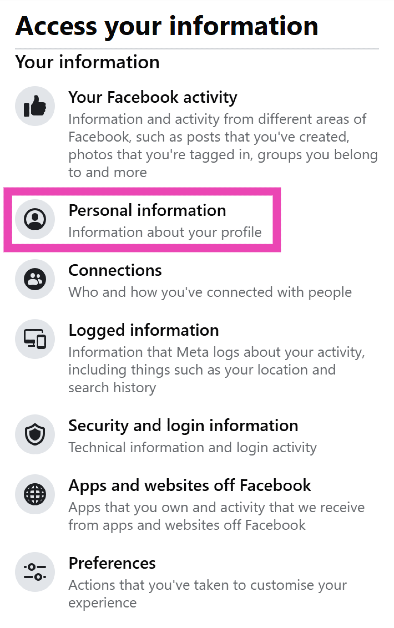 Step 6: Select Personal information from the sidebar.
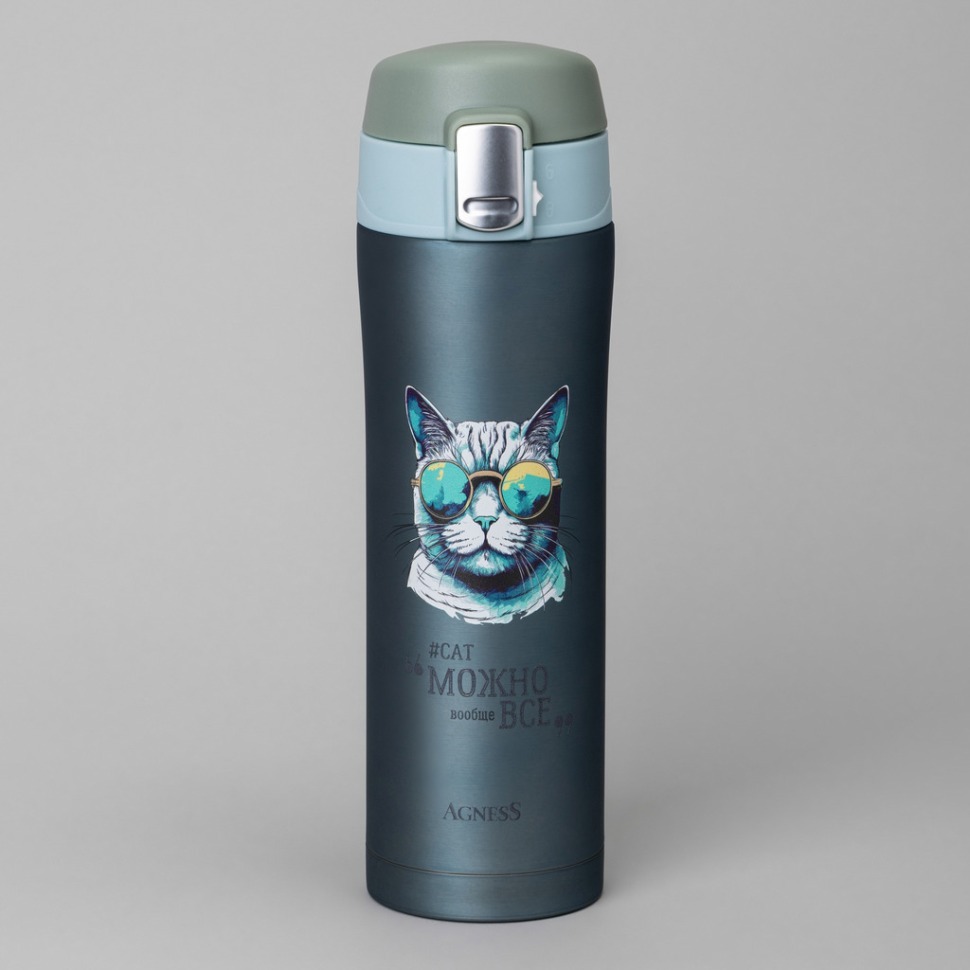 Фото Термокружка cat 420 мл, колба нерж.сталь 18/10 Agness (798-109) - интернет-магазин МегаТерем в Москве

--

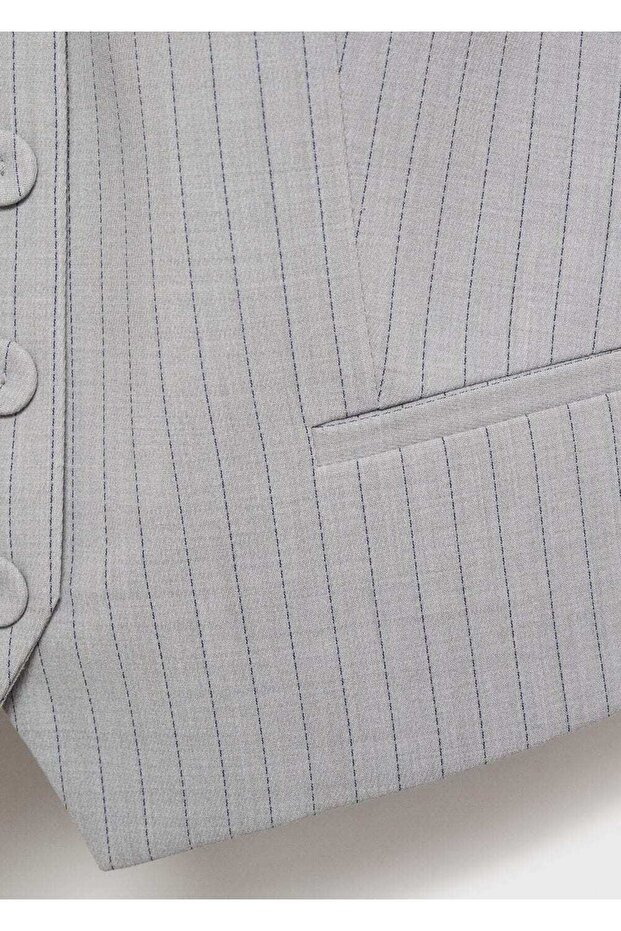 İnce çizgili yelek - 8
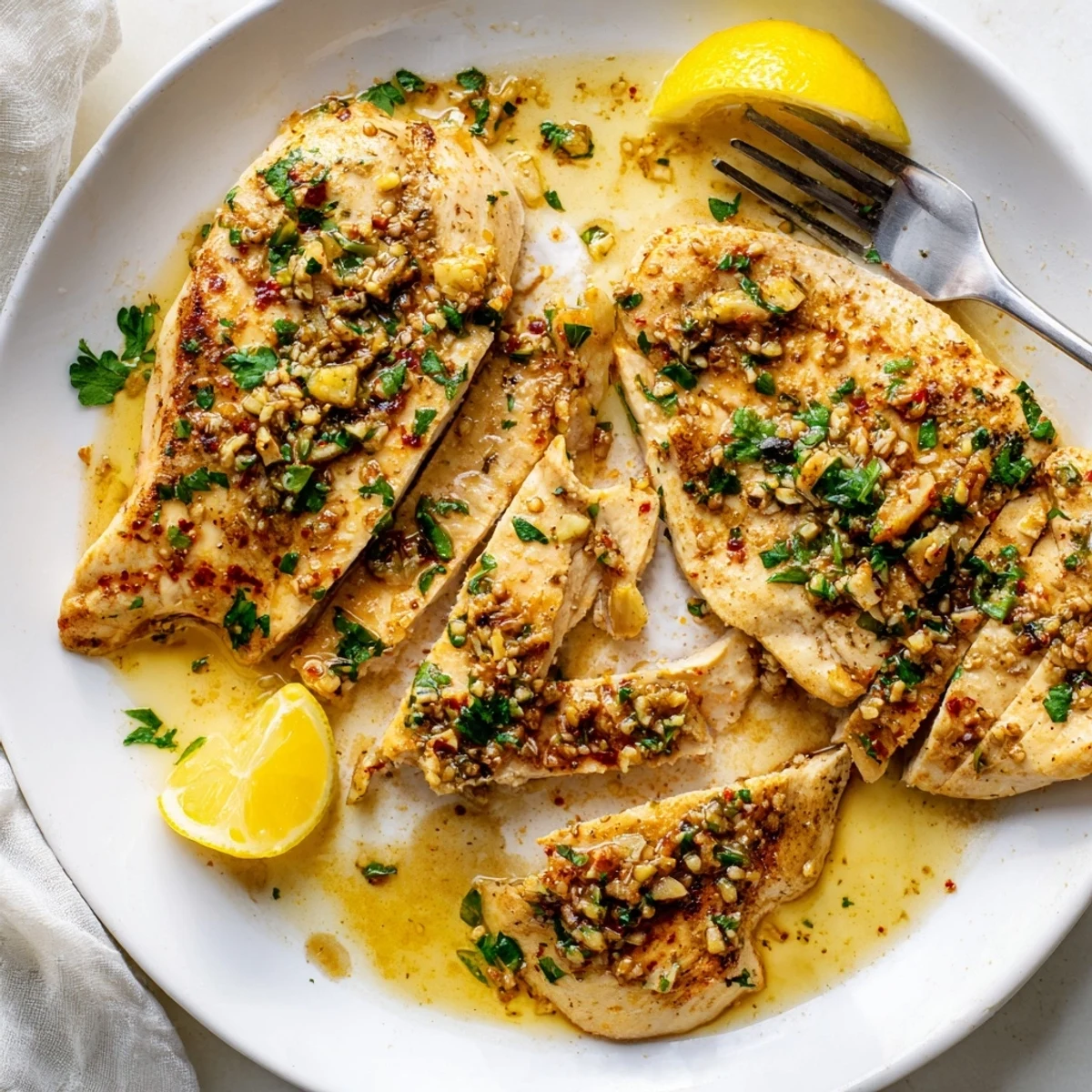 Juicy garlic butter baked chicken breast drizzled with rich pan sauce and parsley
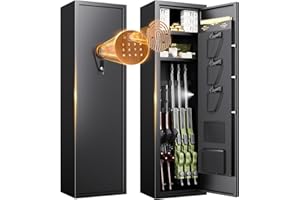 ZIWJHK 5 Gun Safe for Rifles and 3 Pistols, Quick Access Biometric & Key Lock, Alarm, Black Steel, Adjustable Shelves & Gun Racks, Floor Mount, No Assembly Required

* * *

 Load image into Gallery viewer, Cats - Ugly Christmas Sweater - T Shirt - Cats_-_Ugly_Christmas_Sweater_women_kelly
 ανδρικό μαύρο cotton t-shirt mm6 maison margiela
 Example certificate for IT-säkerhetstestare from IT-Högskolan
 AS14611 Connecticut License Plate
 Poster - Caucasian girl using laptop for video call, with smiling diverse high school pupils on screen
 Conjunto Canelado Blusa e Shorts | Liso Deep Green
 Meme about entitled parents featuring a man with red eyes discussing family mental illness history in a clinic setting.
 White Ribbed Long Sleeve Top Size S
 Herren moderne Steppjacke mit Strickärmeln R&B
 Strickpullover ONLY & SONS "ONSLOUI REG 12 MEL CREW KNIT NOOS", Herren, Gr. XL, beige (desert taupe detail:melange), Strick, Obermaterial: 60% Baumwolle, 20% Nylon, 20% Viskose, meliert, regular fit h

Work order
Starting at the line with "Herren moderne Steppjacke" and ending at the line with "Strickpullover ONLY &", print each line of the listing above exactly, with no other lines.

Solution to this exercise
 Herren moderne Steppjacke mit Strickärmeln R&B
 Strickpullover ONLY & SONS "ONSLOUI REG 12 MEL CREW KNIT NOOS", Herren, Gr. XL, beige (desert taupe detail:melange), Strick, Obermaterial: 60% Baumwolle, 20% Nylon, 20% Viskose, meliert, regular fit h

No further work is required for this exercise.